Word-for-word transcription: reproduce all of the data, but not the pictures.
=== AVAILABLE DATA ===
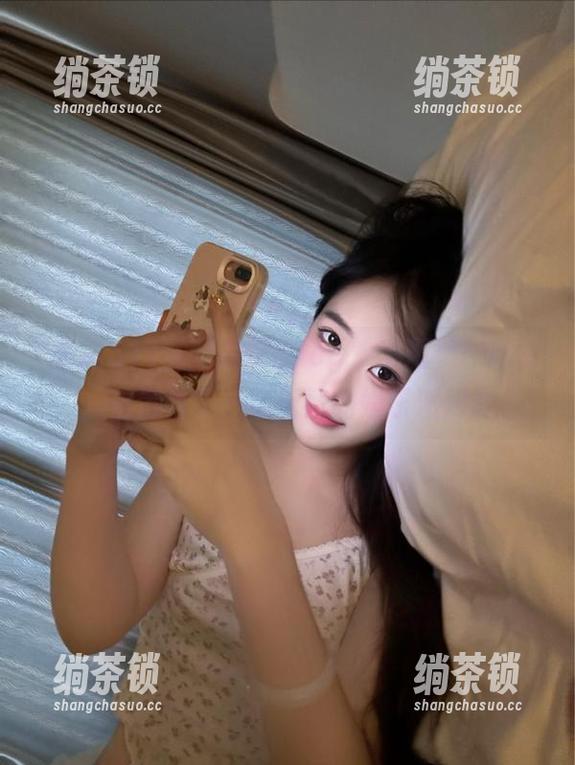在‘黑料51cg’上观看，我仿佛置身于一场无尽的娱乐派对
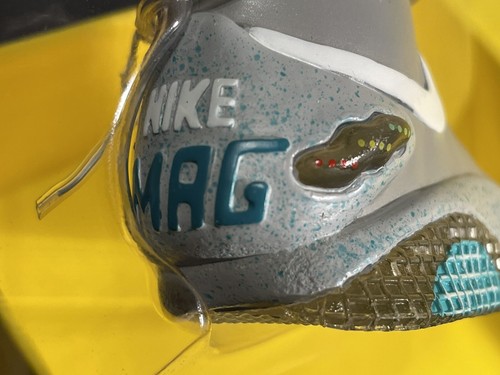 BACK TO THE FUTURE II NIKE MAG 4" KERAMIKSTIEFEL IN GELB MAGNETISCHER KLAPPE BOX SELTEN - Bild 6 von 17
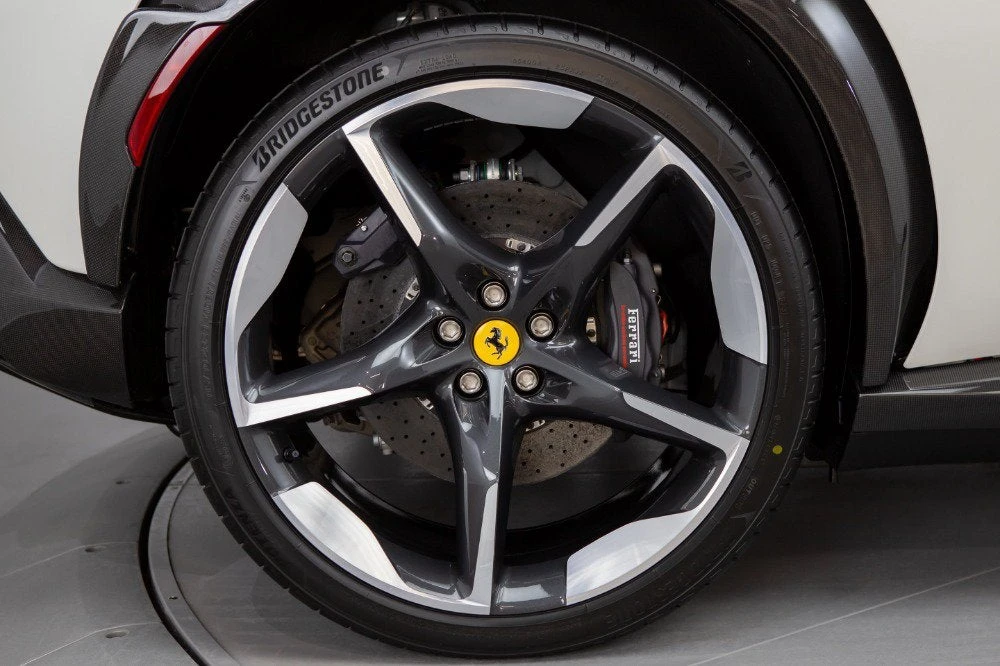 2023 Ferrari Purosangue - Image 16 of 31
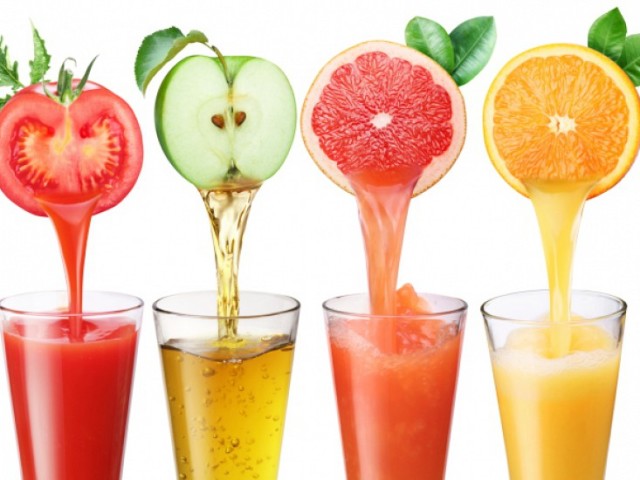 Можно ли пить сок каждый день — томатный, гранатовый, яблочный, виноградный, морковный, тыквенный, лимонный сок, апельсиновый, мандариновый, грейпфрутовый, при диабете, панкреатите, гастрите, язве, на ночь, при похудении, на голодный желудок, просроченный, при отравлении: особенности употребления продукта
===
**SOLUTION BELOW:**
在‘黑料51cg’上观看，我仿佛置身于一场无尽的娱乐派对
 BACK TO THE FUTURE II NIKE MAG 4" KERAMIKSTIEFEL IN GELB MAGNETISCHER KLAPPE BOX SELTEN - Bild 6 von 17
 2023 Ferrari Purosangue - Image 16 of 31
 Можно ли пить сок каждый день — томатный, гранатовый, яблочный, виноградный, морковный, тыквенный, лимонный сок, апельсиновый, мандариновый, грейпфрутовый, при диабете, панкреатите, гастрите, язве, на ночь, при похудении, на голодный желудок, просроченный, при отравлении: особенности употребления продукта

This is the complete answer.